Macro with ## in @interface, what does it mean?

Question

What does it do, especially the ## ?

#define CUSTOM_ARRAY_INTERFACE(classname) \
@interface classname ## Array : ConcreteMutableArray \
- (void) add:(classname*)obj;\
- (classname*) get:(int)index;\
@end\

What does CUSTOM_ARRAY_INTERFACE(NSString) generate then, this idea of mine doesn't even work

@interface NSString ## Array : ConcreteMutableArray
- (void) add:(classname*)obj;
- (classname*) get:(int)index;
@end

?

Is a way to show to what code a macro would get expanded, without looking into assembler code?

Answer 1

The ## is a macro concatenation operator, so that

CUSTOM_ARRAY_INTERFACE(Foo)

would concatenate Foo with Array and result in

@interface FooArray : ConcreteMutableArray 
- (void) add:(Foo*)obj;
- (Foo*) get:(int)index;
@end

Or

CUSTOM_ARRAY_INTERFACE(NSString)

would result in

@interface NSStringArray : ConcreteMutableArray 
- (void) add:(NSString*)obj;
- (NSString*) get:(int)index;
@end

---

It's worth noting that Objective-C now supports lightweight generics, eliminating the need for the above pattern. For example, NSArray lets you specify the type of objects for the individual elements in the array, e.g.

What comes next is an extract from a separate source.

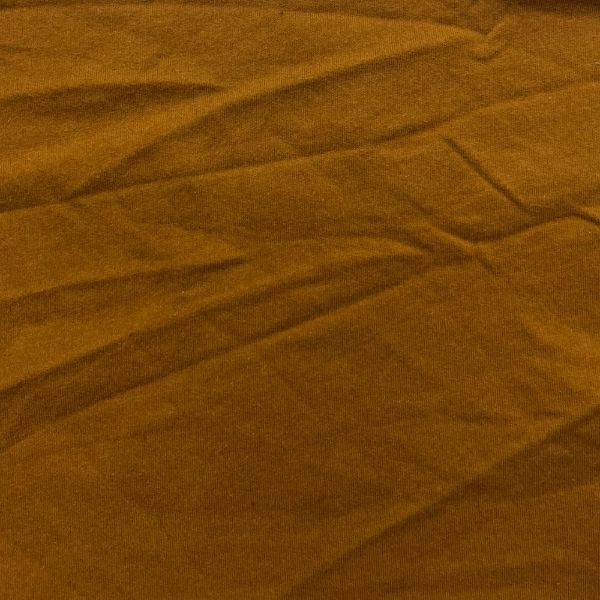 Picture of FLEECE SOLID COLOR - MUSTARD - KNIT FABRIC - ARDEE2135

NSArray <NSString *> *array = ...

Now the compiler knows that array is an array of strings without needing to declare a specific type for this. The compiler will know that the following is valid:

NSString *string = array[0];

But if you attempted to do something like:

NSNumber *number = array[0];

It would resulting in the following compile-time warning:

Incompatible pointer types initializing 'NSNumber *' with an expression of type 'NSString *'.

Note, this is a "lightweight" generic. E.g. it merely results in compile-time warnings, but doesn't strictly enforce this at runtime like true generics in other languages (such as Swift).